BEGIN
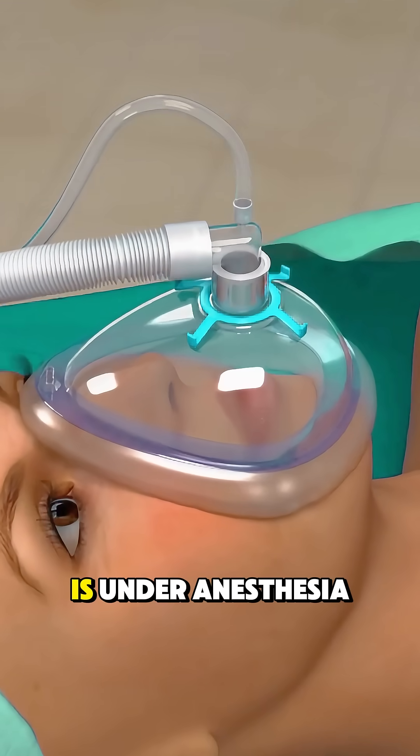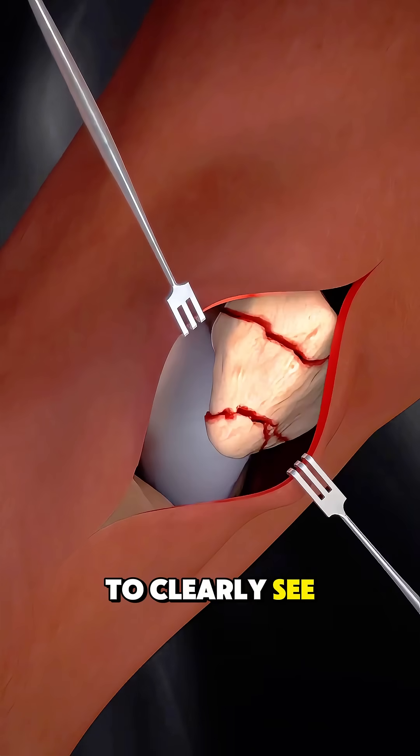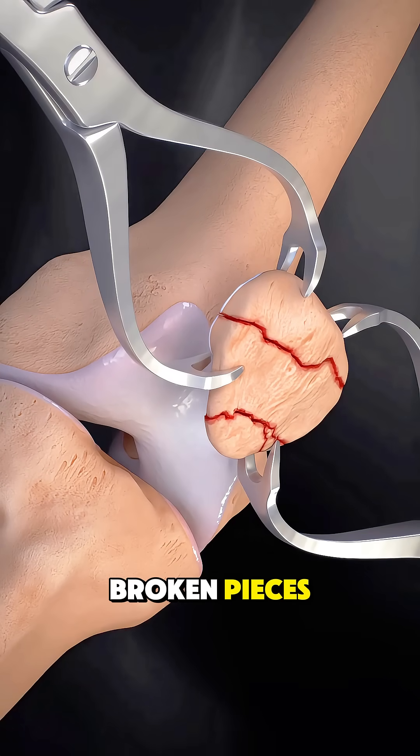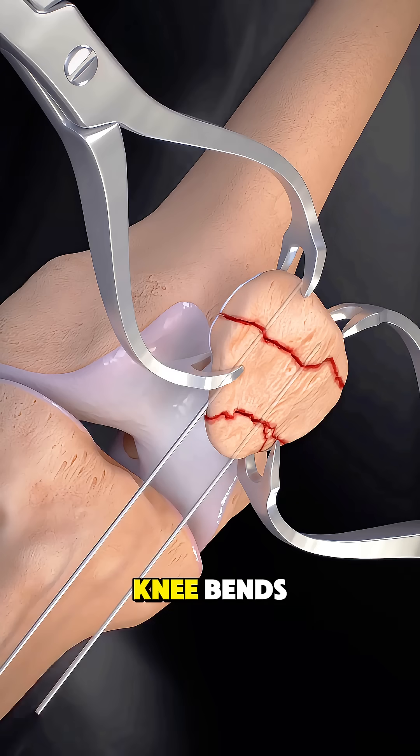After the patient is under anesthesia, the surgeon makes an incision over the knee to clearly see the fractured patella. The goal is to realign the broken pieces so the kneecap goes back to its normal shape and can glide smoothly when the knee bends.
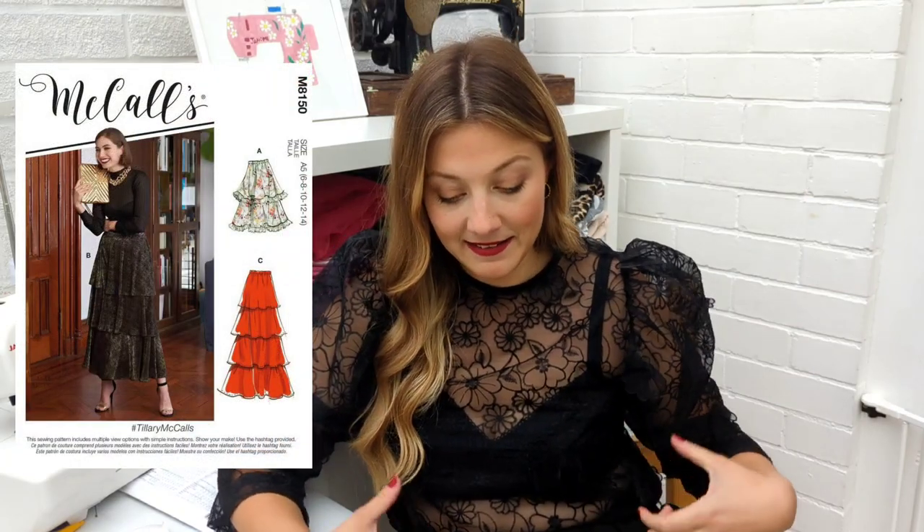Another McCall's one — this is the Tillery, a multi-ruffle tiered skirt. It is so so fun, I've seen it on Instagram so many times. The reason I've included this is because I saw a very similar skirt on Pinterest made in sequins and it is amazing — I want one for myself. I think this would be great for so many different occasions. You could do it in a chiffon if you wanted, add some extra ruffles — it's very hackable. And it has an elasticated waist so it'll be super comfy to wear.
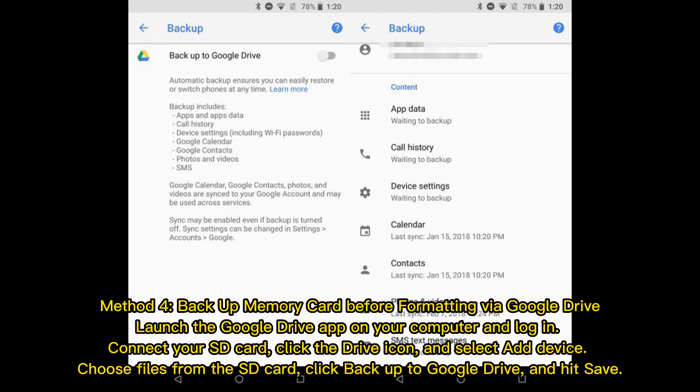Method 4: Backup memory card before formatting via Google Drive. Launch the Google Drive app on your computer and log in. Connect to your SD card, click the drive icon, and select a device. Choose files from the SD card, click Backup to Google Drive, and hit Save.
END
### Work to complete
The whole listing must come back verbatim, with no pictures included.

### Solution
After the patient is under anesthesia, the surgeon makes an incision over the knee to clearly see the fractured patella. The goal is to realign the broken pieces so the kneecap goes back to its normal shape and can glide smoothly when the knee bends.
Another McCall's one — this is the Tillery, a multi-ruffle tiered skirt. It is so so fun, I've seen it on Instagram so many times. The reason I've included this is because I saw a very similar skirt on Pinterest made in sequins and it is amazing — I want one for myself. I think this would be great for so many different occasions. You could do it in a chiffon if you wanted, add some extra ruffles — it's very hackable. And it has an elasticated waist so it'll be super comfy to wear.
Method 4: Backup memory card before formatting via Google Drive. Launch the Google Drive app on your computer and log in. Connect to your SD card, click the drive icon, and select a device. Choose files from the SD card, click Backup to Google Drive, and hit Save.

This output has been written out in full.